Better Likes doesn't ride on top of Facebook's reaction API. It runs an
independent community counter so that you can leave a reaction where the
platform offers none — like under a GitHub repo or an Amazon product — and so
that the count of, say, 🔥 under a Facebook post means "X verified Better Likes
users reacted with 🔥", not "Facebook says X people did".
At a glance
| Better Likes | AllReacts for Facebook Stories |
| Primary job | Community reaction counts under public content | Inject custom emoji into a Facebook Story via Facebook's own GraphQL |
| Sites covered | Facebook, GitHub, Amazon — and growing | Facebook Stories only |
| Reactions stored where? | On the Better Likes server, open-source worker | On Facebook, as a real Story reaction visible to the recipient |
| Depends on the target platform's private API? | No — we observe DOM only; selectors are hot-patchable |
Yes — relies on Facebook's GraphQL story-reaction call and matching
headers. Per v2.0.1, those headers had to be changed to stop 429 errors.
|
| Login model | One-time email verification → 30-day session | Uses your existing Facebook login session |
| License | GPL-3 | MIT |
| Public reach | Brand-new | ~22 Chrome users, ~12 Firefox users (store cards) |
Where Better Likes is the better choice
1. You want reactions on more than just Stories
AllReacts is, by design, Stories-only. Posts, comments, reels, messages,
GitHub repos, Amazon products — all out of scope. If your goal is to leave an
emoji where the platform doesn't offer one, Better Likes's surface is much
wider.
2. You want reactions that don't break the next time Facebook ships
Forging GraphQL calls is a smart hack, but it's an implementation built on
private internals. The AllReacts changelog already shows what that costs: when
Facebook flipped headers, users started seeing instant 429 rate-limit errors
until x-fb-lsd
and x-asbd-id were added back. That's normal — but it's the kind of
fragility Better Likes is specifically designed to avoid.

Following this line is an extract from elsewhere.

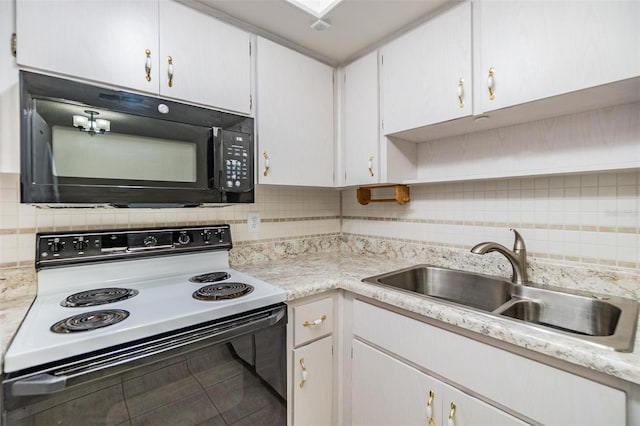 2150 Shelly Dr Unit D, Palm Harbor, FL 34684 - kitchen with electric stove, black microwave, a sink, tasteful backsplash, and light countertops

Better Likes never calls a target site's private API. The extension reads the
DOM, finds public anchors (a post, a star button, a buy-box), and renders a
separate picker. If Facebook tweaks markup, we patch a selector entry on our
server and every user picks it up on next page load. No reinstall, no 429s.
3. The reactions count, and the count means something
AllReacts doesn't aggregate counts at all — each reaction goes into the
recipient's Story inbox, that's where it lives. Better Likes is the opposite:
every reaction contributes to a public count visible to other Better Likes
users. For that count to mean something we tie each vote to a verified email,
so it isn't just a sum over anonymous installs.
4. They aren't replacements for each other — use both if you want both
AllReacts is the right tool if your friend's Story deserves a 🦖 reaction and
Facebook only offers six emoji. It does that job well within the constraints
of Facebook's API. Better Likes is the right tool if you want reactions on the
rest of your browsing day. They don't fight; they just don't overlap.
Which one should you pick?
Pick AllReacts if your single use case is sending non-default emoji
as native Facebook Story reactions, and you're comfortable updating when Facebook
shifts its API.
Pick Better Likes if you want a maintained, cross-site reaction layer
with verified accounts behind the counts.
Sources
-
AllReacts source —
github.com/DuckCIT/AllReacts-for-Facebook-Stories. The GraphQL approach, the
x-fb-lsd / x-asbd-id header fix, and the 429 issue come
directly from the v2.0.1 release notes in the public README.
-
Store cards — Chrome Web Store (listing) and Firefox Add-ons (listing).
-
We're not affiliated. AllReacts is a thoughtful little project we respect; it
just solves a narrow problem that's adjacent to ours, not the same one.